Leafing through the paper I see what's been going on in the world. I check the business section and see that my former company is still struggling to recover from the loss of its CEO and founder. Me. The stock isn't as low as the last time I checked though so maybe it's starting to recover. Not that I really care much anymore. The company had been my dream, sailing the world had been Kim's. We gave up her dream to pursue mine. When she pass I returned the favor.

I check a few places where I still have stock but I know My investor can watch that sort of thing better than I. So long as I can still pull out a grand from any national bank whenever I have a need I don't care what he does. He can buy stock in hamsters for all I care.
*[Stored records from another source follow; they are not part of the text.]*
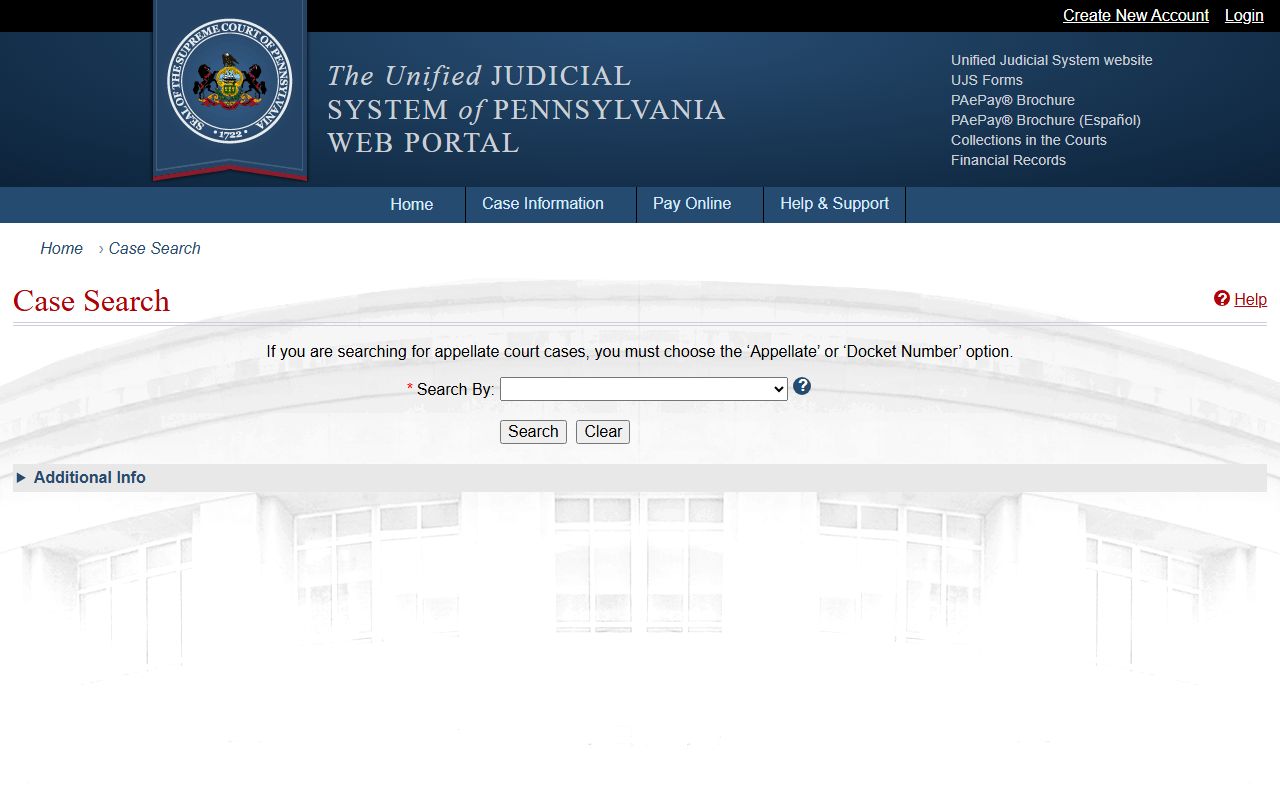 Pennsylvania UJS Portal case search for background check records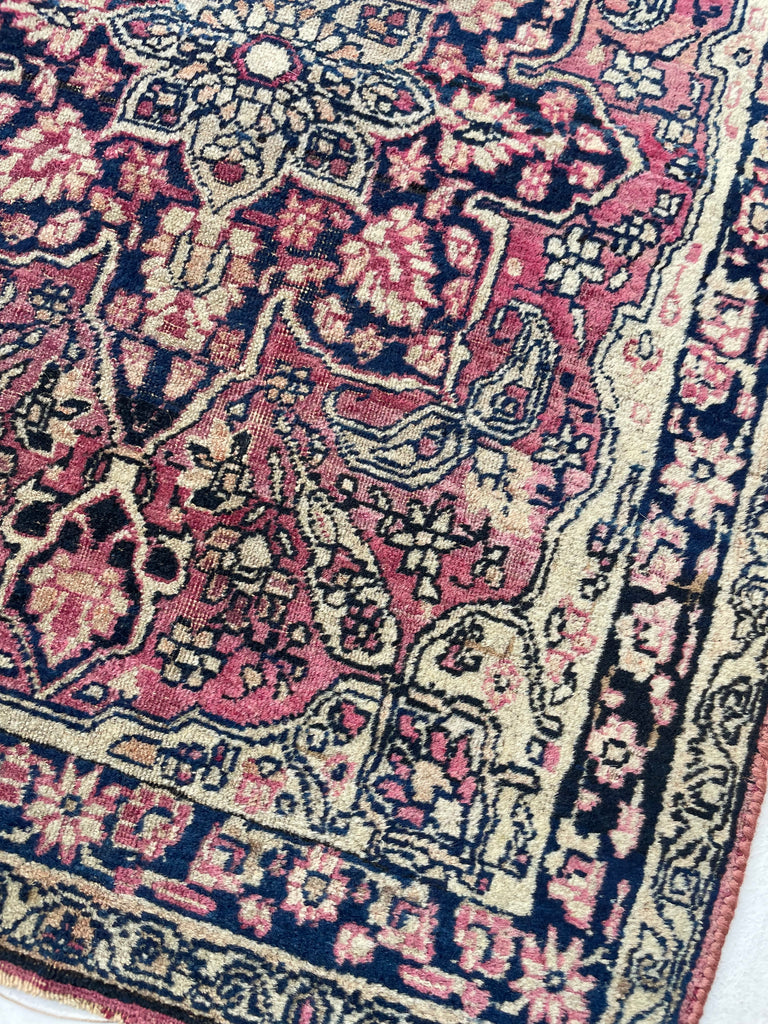 FINE Berry & Sangria Antique Kerman Lavar Rug Mat | Timeless Gem | 2 x 2.5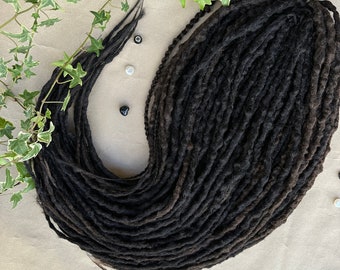 Long dreadlocks, Custom dreads, Black synthetic dreads, Brown hair extensions, 80cm 30'' long dreadlocks, Extra long locks, Bohemian dreads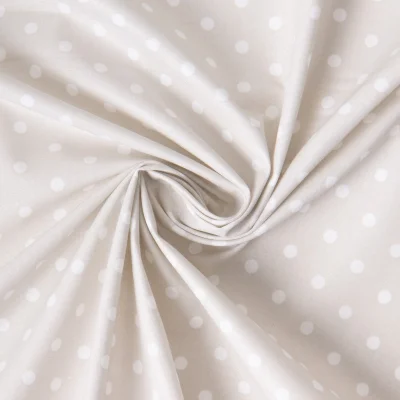 Tissu Coton Enduit pois Dotty blanc sur fond Naturel - Par 10 cm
The antics of the British royal family or english soccer are of little interest to me, but I read them with a near hunger anyway. I reach for my coke only to find the bottle empty. Tamara's hand brushes mine as she tapes the top of the bottle with a finger. I look up towards her face but my eyes stop at her breast for a second or so. When my eyes reach hers she's giving me a grin. Caught. With her skin I can't tell if she's blushing but for some reason I think maybe she is. She shakes a finger at me.

"Naughty Boy." She says with a south London accent to her voice. I grin at her like the boy she's called me. "Another Coke?"
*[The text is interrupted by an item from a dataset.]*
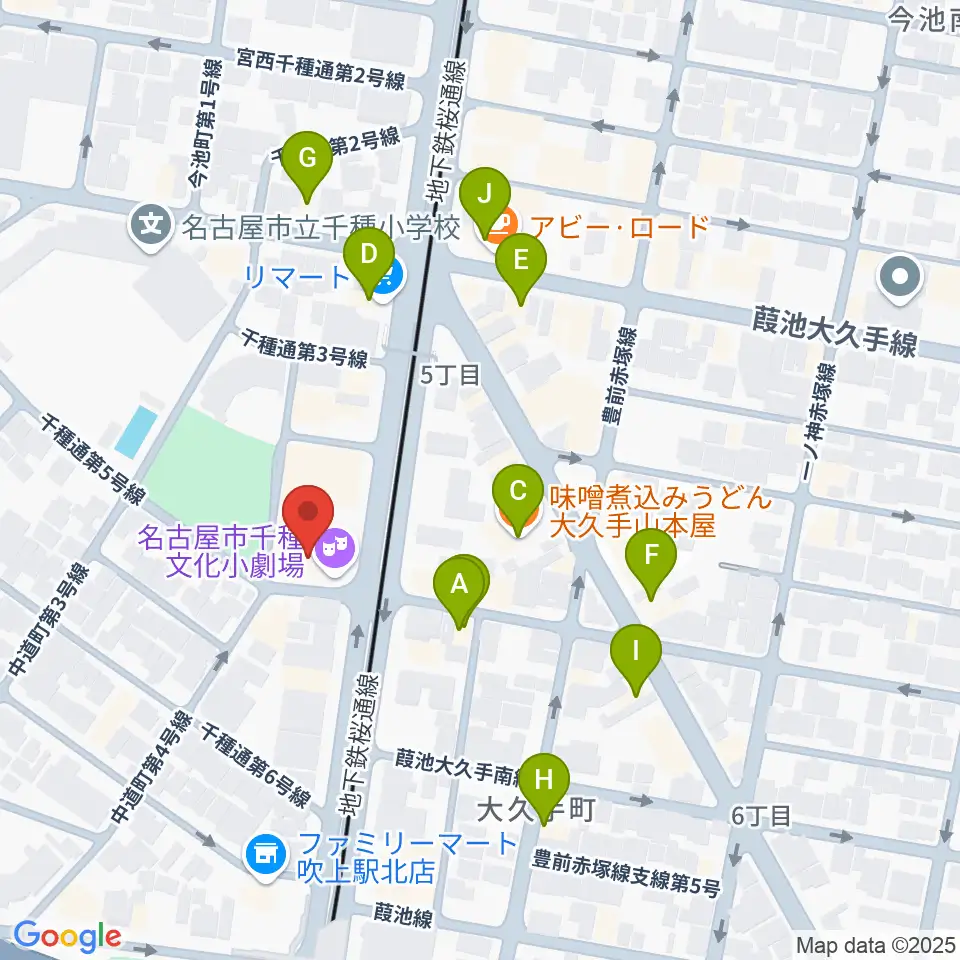 千種文化小劇場周辺のファミレス・ファーストフード一覧地図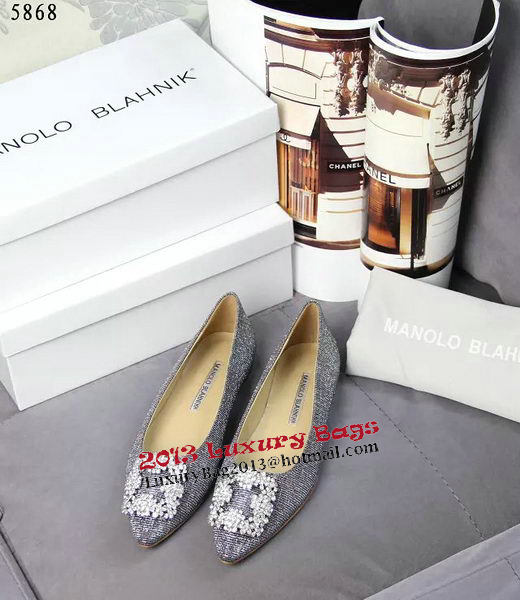 Manolo Blahnik Crystal Ballerina MB066CK Grey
"Yes if you have a restroom, no if you don't."

"Restroom?" she asks puzzled.

I wrack my sun-baked memory for a few seconds.

"A loo?"

She gives a giggle and nods her head. She points to the side of the restaurant.

Getting up I leave my paper on the table to hold my spot and walk around to the side. I find a small-enclosed alcove with toilet seats on a bench like shelf. Opening the lid I look down into a half oil drum. I see a bag with shredded coconut husks sitting near by. The place actually has very little smell. I make quick use of it non-the less.
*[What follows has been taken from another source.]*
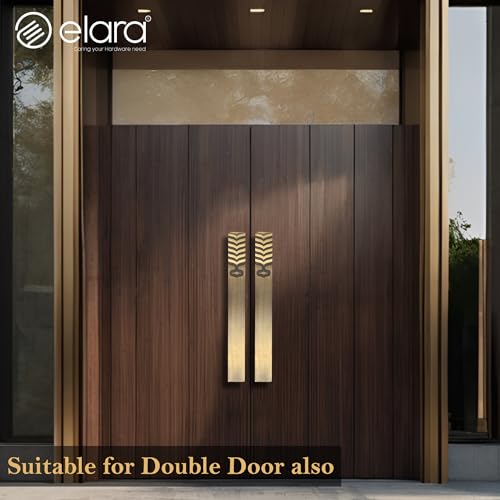 Image of Elara 10 Inch Stainless Steel Door Handle for Main Door, Wooden & Glass Door, Main Door Handle, Pull Push Handle, 5 Years Warranty, Strong and Rust Free. (EPH-12, Brass Antique Finish, 250MM)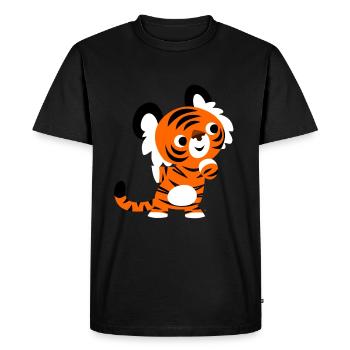 Petit Tigre Curieux par Cheerful Madness!! - T-shirt Premium bio Homme - noir - Devant - Nico (187cm)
As I step through the bright colored curtain I see the short pot bellied man waiting for me. For a second he looks like he might try something but then realizes I tower over him. Also a year at the mast has me made of mahogany. I stare down at him without saying a word till he moves out of my way. I watch my six as I walk past him.

Tamara is at my table with my third coke. I stop by the table, but don't sit back down. I fold up my paper and take the cold glass bottle from her. Our fingers touch for a second. She looks up at me smiling.

I fish an American five-dollar bill from my pocket and hand it to her. It's far and beyond the bill, but I catch her hand as she turns to go.

"You... keep the change, my dear." I tell her as I tuck my paper up under my arm while juggling a sweaty coke bottle.

She gives my hand a quick squeeze and grins at me.

"Thank you sir." The south London accent is back.

I smile and walk off towards some taller buildings I see in the distance. They have the made of marble look that the British tried to cover the world in a century ago.

I stop and turn to look back at the little café. She's watching me. On impulse I lift my camera and snap a shot of her. She smiles for the photo.

The man scowls in the background.

Shaking my head I walk away. I know that if I had a house he would be by tonight to throw rocks at the windows.

I have got to get out of Mayberry.

I spend the rest of the day doing the tourist thing. The place is proud of it's British past unlike some places I've been where they threw the English into the harbor along with the Tea.

I sit in a small park watching sea gulls squabble with pidgins over bread crumbs other people at tossing to them. For a bit I think of how much Kim would have laughed to see pidgins on a pacific island. Then my thoughts drift away from her to the lovely young lady I met earlier. Tamara. That causes a grin of it's own. Kim would have been teasing me about her all day long if she had been here.

If she had been here...

I get up and take my tired feet towards the harbor. The sky is falling and I've decided to sail with the tide. The sea is calling with a lovers longing for me.

My little boat is sill under the watchful eye of my first friend here. He tries to tell me something, but his accent is still horrendous. I just grin and nod till he smiles at me. He gives me a hand getting the boat off the beach. I stopped for more supplies on my way back. I don't feel like stopping again for awhile.